BEGIN

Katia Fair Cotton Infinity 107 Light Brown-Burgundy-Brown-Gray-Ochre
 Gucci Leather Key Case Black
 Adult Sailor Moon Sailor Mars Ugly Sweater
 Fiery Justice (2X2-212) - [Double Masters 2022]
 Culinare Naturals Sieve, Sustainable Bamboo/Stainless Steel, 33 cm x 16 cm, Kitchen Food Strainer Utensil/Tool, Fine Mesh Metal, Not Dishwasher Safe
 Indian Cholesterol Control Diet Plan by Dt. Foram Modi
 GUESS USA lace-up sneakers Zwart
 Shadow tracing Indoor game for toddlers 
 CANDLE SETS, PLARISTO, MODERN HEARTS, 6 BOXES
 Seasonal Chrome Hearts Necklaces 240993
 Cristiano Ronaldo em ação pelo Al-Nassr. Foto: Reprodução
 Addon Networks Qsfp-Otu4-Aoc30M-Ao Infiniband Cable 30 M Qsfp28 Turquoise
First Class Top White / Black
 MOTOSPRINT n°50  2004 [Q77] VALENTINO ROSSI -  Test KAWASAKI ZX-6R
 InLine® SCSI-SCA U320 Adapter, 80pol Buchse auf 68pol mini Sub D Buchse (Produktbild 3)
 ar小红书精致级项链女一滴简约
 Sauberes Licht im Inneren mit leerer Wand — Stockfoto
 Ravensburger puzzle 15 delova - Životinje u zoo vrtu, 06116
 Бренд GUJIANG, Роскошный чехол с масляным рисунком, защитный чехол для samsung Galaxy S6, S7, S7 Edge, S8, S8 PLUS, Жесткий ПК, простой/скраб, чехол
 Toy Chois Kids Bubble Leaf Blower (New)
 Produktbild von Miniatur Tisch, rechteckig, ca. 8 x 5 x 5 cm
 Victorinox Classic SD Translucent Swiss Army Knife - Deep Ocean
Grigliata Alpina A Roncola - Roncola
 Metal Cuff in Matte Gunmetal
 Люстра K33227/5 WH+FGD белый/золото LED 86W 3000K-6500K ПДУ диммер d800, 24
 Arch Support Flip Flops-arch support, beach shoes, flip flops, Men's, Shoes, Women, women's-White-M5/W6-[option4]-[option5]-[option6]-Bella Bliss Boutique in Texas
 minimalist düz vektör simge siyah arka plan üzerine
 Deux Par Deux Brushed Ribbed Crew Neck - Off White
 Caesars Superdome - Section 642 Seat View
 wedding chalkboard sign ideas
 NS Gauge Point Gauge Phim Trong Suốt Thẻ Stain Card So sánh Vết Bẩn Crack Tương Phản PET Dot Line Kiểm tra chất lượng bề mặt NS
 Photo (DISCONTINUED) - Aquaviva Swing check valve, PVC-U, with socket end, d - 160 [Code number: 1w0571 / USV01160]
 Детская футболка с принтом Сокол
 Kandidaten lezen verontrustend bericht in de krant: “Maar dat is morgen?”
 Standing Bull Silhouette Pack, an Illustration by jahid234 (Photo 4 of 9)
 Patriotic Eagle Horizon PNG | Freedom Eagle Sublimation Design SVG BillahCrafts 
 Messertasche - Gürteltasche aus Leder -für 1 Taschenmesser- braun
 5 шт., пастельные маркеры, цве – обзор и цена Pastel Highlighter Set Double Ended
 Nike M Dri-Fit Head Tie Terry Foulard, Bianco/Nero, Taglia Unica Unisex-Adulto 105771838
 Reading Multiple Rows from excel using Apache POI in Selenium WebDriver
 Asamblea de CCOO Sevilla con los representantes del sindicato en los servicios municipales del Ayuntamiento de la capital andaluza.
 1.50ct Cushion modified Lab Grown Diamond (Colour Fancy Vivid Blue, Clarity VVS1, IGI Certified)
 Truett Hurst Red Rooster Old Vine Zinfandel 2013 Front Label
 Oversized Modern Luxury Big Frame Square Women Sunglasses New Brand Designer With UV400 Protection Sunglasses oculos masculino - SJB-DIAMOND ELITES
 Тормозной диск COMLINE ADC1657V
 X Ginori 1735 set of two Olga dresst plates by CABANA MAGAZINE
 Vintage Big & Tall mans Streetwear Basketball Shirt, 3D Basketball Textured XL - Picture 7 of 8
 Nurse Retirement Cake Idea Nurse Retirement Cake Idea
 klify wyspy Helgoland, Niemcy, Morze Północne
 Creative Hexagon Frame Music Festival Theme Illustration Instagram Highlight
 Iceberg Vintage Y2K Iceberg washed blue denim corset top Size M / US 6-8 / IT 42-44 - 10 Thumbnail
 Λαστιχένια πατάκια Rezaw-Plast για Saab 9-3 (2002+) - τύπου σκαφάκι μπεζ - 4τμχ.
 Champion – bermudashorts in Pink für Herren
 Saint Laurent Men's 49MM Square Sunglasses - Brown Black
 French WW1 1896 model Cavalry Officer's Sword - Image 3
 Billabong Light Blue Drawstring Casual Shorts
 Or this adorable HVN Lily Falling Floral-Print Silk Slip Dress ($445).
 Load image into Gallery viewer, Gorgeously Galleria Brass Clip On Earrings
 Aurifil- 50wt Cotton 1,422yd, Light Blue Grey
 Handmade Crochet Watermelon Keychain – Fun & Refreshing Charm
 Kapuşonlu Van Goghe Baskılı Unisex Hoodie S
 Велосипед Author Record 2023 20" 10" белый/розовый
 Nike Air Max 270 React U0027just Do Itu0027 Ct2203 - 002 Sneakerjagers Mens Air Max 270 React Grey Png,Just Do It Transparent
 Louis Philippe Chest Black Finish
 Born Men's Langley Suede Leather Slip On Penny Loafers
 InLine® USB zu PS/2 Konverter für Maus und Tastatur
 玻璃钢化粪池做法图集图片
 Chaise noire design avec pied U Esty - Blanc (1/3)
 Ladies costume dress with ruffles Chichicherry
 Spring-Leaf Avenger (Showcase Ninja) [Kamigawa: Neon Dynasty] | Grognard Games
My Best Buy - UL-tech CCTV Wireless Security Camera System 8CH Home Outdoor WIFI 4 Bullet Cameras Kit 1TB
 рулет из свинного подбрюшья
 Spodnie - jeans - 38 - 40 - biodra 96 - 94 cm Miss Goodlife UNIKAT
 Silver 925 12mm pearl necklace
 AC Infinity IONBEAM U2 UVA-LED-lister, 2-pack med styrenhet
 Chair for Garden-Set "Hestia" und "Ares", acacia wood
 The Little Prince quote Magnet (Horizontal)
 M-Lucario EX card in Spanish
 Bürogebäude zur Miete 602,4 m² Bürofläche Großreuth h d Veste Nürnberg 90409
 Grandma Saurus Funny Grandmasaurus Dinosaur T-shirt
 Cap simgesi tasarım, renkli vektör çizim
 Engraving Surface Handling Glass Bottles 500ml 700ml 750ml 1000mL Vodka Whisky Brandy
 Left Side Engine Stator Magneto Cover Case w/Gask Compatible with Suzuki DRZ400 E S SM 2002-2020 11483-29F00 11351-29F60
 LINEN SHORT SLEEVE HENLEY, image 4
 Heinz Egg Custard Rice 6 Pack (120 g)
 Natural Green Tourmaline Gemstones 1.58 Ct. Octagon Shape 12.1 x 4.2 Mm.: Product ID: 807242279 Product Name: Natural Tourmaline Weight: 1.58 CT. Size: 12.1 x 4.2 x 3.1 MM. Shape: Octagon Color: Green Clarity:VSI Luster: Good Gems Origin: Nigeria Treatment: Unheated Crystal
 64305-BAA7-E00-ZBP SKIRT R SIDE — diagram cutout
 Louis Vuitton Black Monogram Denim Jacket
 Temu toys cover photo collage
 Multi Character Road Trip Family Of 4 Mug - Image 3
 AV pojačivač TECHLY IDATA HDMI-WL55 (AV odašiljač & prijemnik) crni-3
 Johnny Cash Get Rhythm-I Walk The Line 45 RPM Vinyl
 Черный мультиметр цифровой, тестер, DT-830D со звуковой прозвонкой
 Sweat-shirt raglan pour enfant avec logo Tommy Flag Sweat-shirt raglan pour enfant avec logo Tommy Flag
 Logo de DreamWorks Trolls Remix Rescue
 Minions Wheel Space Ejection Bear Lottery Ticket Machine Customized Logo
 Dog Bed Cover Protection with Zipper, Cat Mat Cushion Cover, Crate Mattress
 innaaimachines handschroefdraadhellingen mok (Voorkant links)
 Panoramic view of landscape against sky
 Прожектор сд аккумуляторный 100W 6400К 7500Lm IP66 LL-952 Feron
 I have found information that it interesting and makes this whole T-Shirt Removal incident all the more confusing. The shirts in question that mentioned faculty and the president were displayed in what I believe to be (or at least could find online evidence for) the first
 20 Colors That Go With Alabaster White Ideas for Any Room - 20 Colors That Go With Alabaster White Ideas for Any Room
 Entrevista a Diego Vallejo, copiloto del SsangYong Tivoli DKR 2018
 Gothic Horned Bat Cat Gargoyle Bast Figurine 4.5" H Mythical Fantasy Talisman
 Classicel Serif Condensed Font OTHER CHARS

END

• **What you have to do**
Find "Indian Cholesterol Control" in the entries above and copy that whole line exactly, then each line after it through the line that contains "First Class Top White / Black".

• **Written answer**
 Indian Cholesterol Control Diet Plan by Dt. Foram Modi
 GUESS USA lace-up sneakers Zwart
 Shadow tracing Indoor game for toddlers 
 CANDLE SETS, PLARISTO, MODERN HEARTS, 6 BOXES
 Seasonal Chrome Hearts Necklaces 240993
 Cristiano Ronaldo em ação pelo Al-Nassr. Foto: Reprodução
 Addon Networks Qsfp-Otu4-Aoc30M-Ao Infiniband Cable 30 M Qsfp28 Turquoise
First Class Top White / Black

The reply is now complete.